Se a alternativa tivesse sido o não cumprimento do Programa, seguramente estamos melhor.

Se a alternativa fosse a não existência do Programa, a resposta não é fácil, uma vez que não conhecemos o “anti-mundo”, ou seja, não sabemos como é que a situação portuguesa teria evoluído, nomeadamente no que respeita à garantia das nossas necessidades financeiras sem apoio internacional (tivemos efectivamente essa alternativa?).

Mas o que nos espera “depois do adeus”? Será que os desafios e as tormentas que nos esperam são maiores do que aqueles que já enfrentámos?

Em primeiro lugar, permanece por pagar uma dívida colossal do Estado Português, superior a 130% do PIB. Fica ainda por resolver o “anémico” crescimento de uma economia em que o PIB cai … porque uma empresa de refinação de petróleo está parada durante 3 meses.

Importa também resolver definitivamente os problemas de um mercado de trabalho em que o desemprego diminui porque a população activa diminui ou em que um número significativo de desempregados (curiosamente?) só encontra emprego depois de perder o direito ao subsídio de desemprego (teremos um desenho inadequado dos mecanismos de protecção no desemprego?).

Fica ainda por resolver o estranho paradoxo de um país em que os beneficiários do Rendimento Social de Inserção diminuíram de 404 mil (Março de 2010) para 222 mil (Março de 2014), mas em que, simultaneamente, são oferecidas diariamente cerca de 50.000 refeições através das cantinas sociais (será que duas refeições por dia permitiram retirar da pobreza milhares de pessoas?).   

Dito isto, coloca-se uma questão central. Estaremos salvaguardados de uma nova intervenção? A resposta a esta questão não é simples e implica uma reflexão sobre Portugal no quadro europeu. Por um lado, a adesão a uma moeda única, num quadro de perda de política cambial, implica rigor e disciplina orçamental. Por outro lado, e mesmo que a primeira condição se verifique, uma união económica e monetária não sobrevive sem um reforço da integração política e, consequentemente, sem um orçamento comunitário forte. Estaremos preparados para isso?      

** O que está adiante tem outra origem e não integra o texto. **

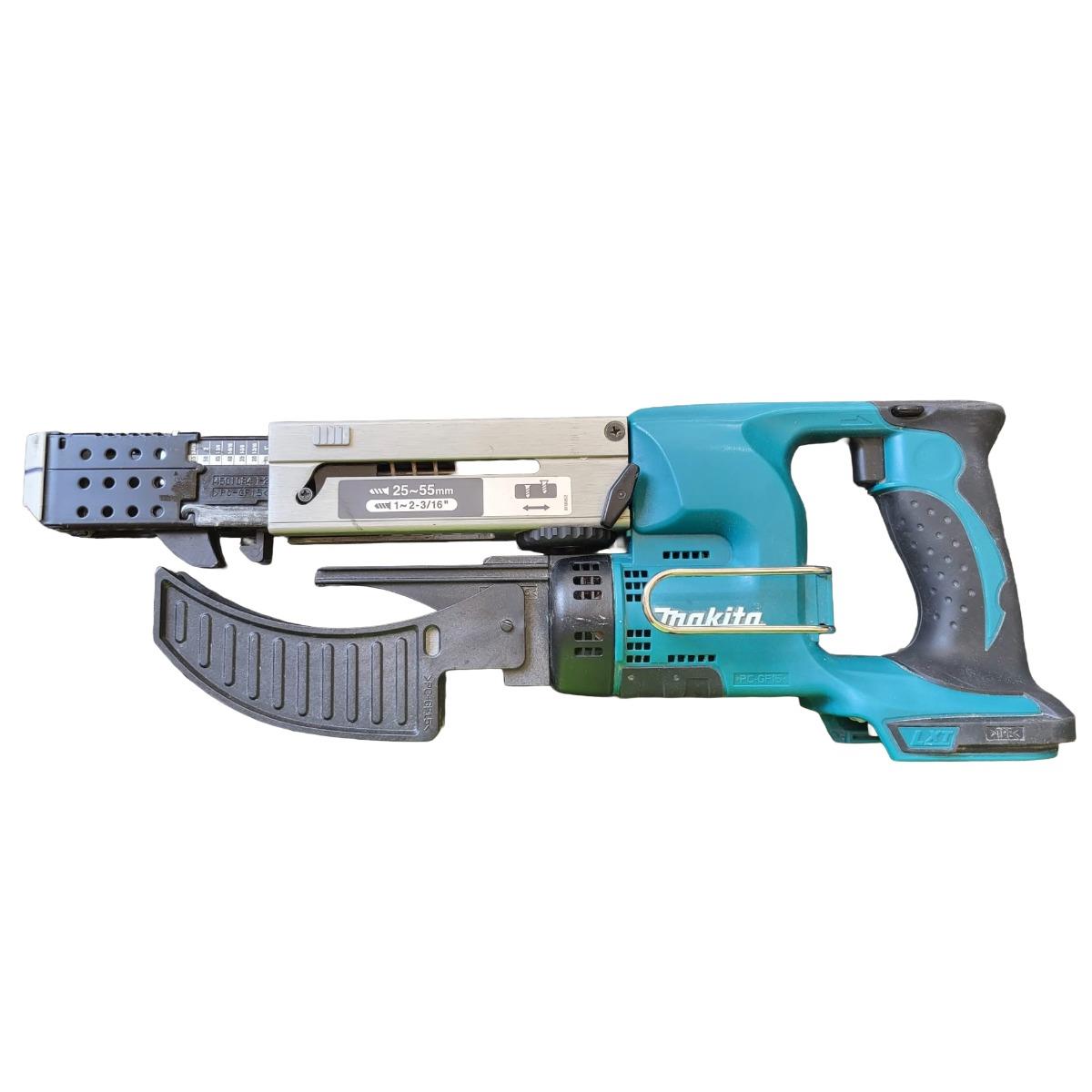Makita DFR550Z 18V LXT Li-ion Auto Feed Screwdriver Body Only  Item Condition Seller Refurbished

Relativamente à primeira condição, parece claro, e atento aos enormes desafios que se avizinham, que sem consenso politico alargado em matérias estruturantes, o rigor e a disciplina orçamental são inatingíveis de forma consistente (este não é o tempo das promessas de “amanhãs que cantam”).

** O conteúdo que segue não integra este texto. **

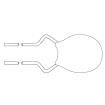 CX02M226K Tantalum Capacitors - Solid Leaded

No que respeita à segunda condição, e que depende parcialmente de nós, as expectativas são limitadas, atentos, por exemplo, às dificuldades verificadas na construção da tão necessária União Bancária, bem como à ausência de debate sobre a Europa e ao crescente movimento anti-europeista  tão bem evidenciado nos resultados das recentes eleições europeias.   

Em face do anterior, resta-nos as palavras de conforto do Presidente do Eurogrupo, Jeroen Dijsselbloem que recentemente afirmou que “se as coisas correrem mal, há sempre o Programa normal (PAEF). Mas as coisas não vão correr mal”.

Professor na Universidade Lusíada, ex-vice-presidente do Instituto de Segurança Social.